Procès sur assassinat de Thomas Sankara et 12 autres : “le droit à la foutaise ne vous est pas reconnu” Urbain Méda
L’audition des témoins se poursuit à la barre de la Chambre de première instance du tribunal militaire ce jeudi 9 décembre 2021 à Ouagadougou. Le témoin Abdrahamane Zetiyenga, ancien membre de la sécurité présidentielle au moment des faits, a chargé le général Gilbert Diendéré et son ex chauffeur, Ninda Pascal Tondé. Dans leur confrontation, Pascal Tondé a eu du mal à tirer son épingle du jeu, lui à qui le président du tribunal a rappelé que le droit à la foutaise ne lui est pas reconnu.
Il est le seul témoin que les hommes de médias et le public ont pu écouter de 9h à 13h16 à la barre de la Chambre de première instance du tribunal militaire dans le cadre du procès sur l’assassinat de Thomas Sankara et 12 de ses compagnons. Abdrahamane Zetiyenga, puisque c’est de lui qu’il s’agit, était au moment des faits adjoint de Gilbert Diendéré, chef du détachement du CNEC basé au Conseil de l’entente. A cet effet, il a témoigné de ce qu’il sait des évènements du 15 octobre 1987.
Pour lui, dans la matinée du 15 octobre 1987, il y a eu une rencontre entre les gradés en vue de trouver une solution à la crise. « Cette réunion était présidée par Gilbert Diendéré, lieutenant au moment des faits », a-t-il relaté. Plusieurs propositions auraient été faites, parmi lesquelles l’arrestation des capitaines Thomas Sankara et Blaise Compaoré pour les envoyer hors de Ouagadougou enfin d’éviter, semble-t-il, un bain de sang. C’est ce que le témoin Zetiyenga a qualifié de trahison de la part du lieutenant Gilbert Diendéré, puisqu’un retour ne leur a pas été fait jusqu’au carnage du 15 octobre 87 qui s’est soldé par la mort du père de la révolution et de ses 12 compagnons.
A la confrontation, le chef de la sécurité du Conseil de l’entente d’alors, le lieutenant Gilbert Diendéré, s’est justifié du fait que les choses sont allées trop vite alors qu’il devait rendre compte à ses supérieurs hiérarchiques avant toute initiative. Aussi, a-t-il rejeté le témoignage tendant à dire que lui Gilbert a reçu des informations de catégorie A et que c’est lui qui aurait donné l’instruction à Zetiyenga de prendre position dans son poste. Pour Gilbert Diendéré, le témoin lui en veut parce qu’il n’ a pas pesé de tout son poids pour qu’on fasse de lui un officier.

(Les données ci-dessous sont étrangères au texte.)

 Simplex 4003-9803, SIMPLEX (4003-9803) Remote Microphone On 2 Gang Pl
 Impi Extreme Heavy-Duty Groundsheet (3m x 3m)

« Monsieur Tondé Ninda Pascal, le droit à la foutaise ne vous est reconnu » a rappelé le président du tribunal, Urbain Méda à l’accusé, poursuivi pour subornation de témoins. Une interpellation qui sonne comme une mise en garde, puisque Ninda Pascal Tondé, ex chauffeur de Gilbert Diendéré et soldat de rang au moment des faits, a confié que lui et le témoin Abdrahamane Zetiyenga sont des amis intimes. « Des amis intimes ? », a lancé le président du tribunal à son endroit ? « Oui » a-t-il répondu. Sauf que l’intéressé n’a ni le contact du témoin, ni son lieu d’habitation étant donné qu’ils se sont perdus de vue il y a longtemps. Une observation qui fera réagir le tribunal. « Ne prenez pas les gens pour des gamins, ni pour des enfants de CP2 ».

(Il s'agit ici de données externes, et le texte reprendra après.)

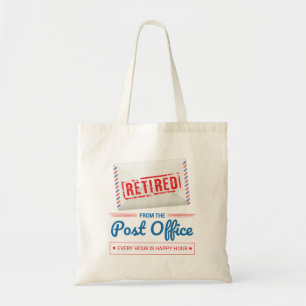 Funny Postbode Pensioen Briefkantoor Personeel Tote Bag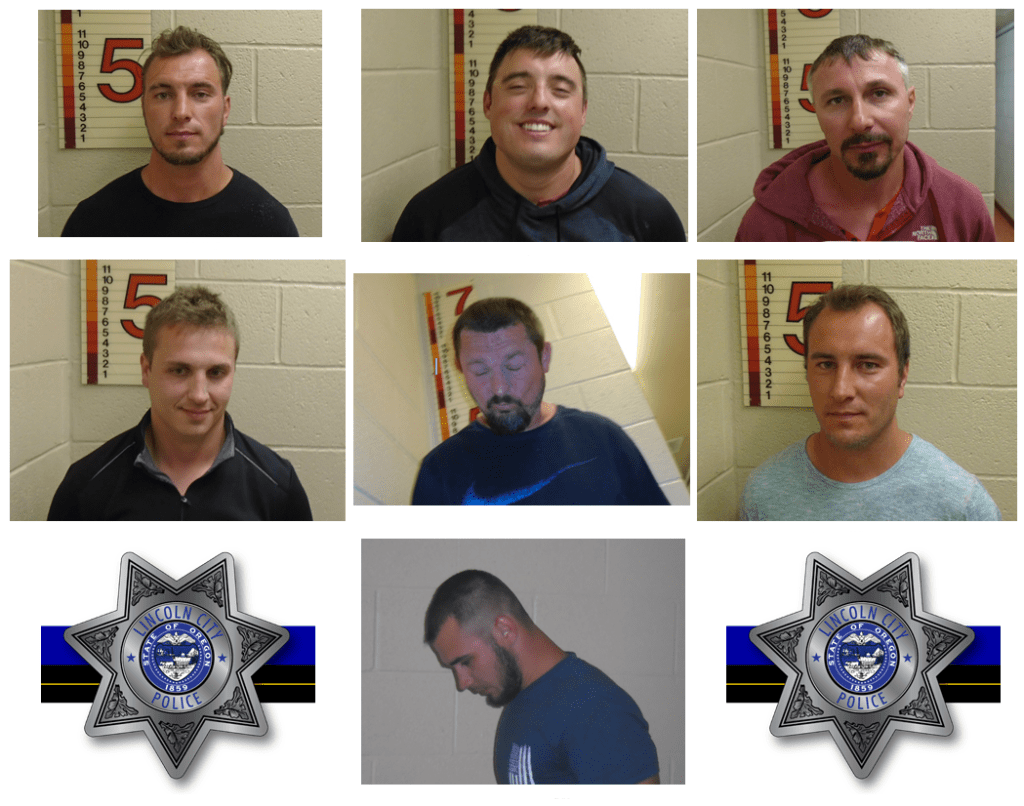 Seven Clark County men were arrested on July 4 in Lincoln City, Ore., for allegedly harassing a Black family, shooting off illegal fireworks and challenging responding police officers to a fight.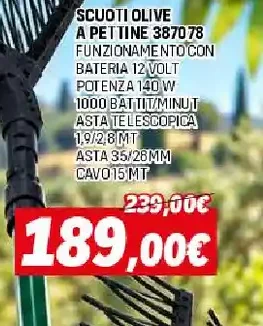 scuoti olive a pettine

En rappel, sur Pascal Ninda Tondé pèse la charge de subornation de témoins, lui qui a prévenu Abdrahamane Zetiyenga, que Eugène K. Somda aurait sali son nom devant le juge d’instruction et que lorsqu’il serait appelé pour témoigner de dire qu’il n’était pas au Conseil au moment du drame et qu’il était en ville. Un message qu’il a, dit-il, reçu de Gilbert Diendéré, mais enregistré par Abdrahamane Zetiyenga lors de leur entrevue.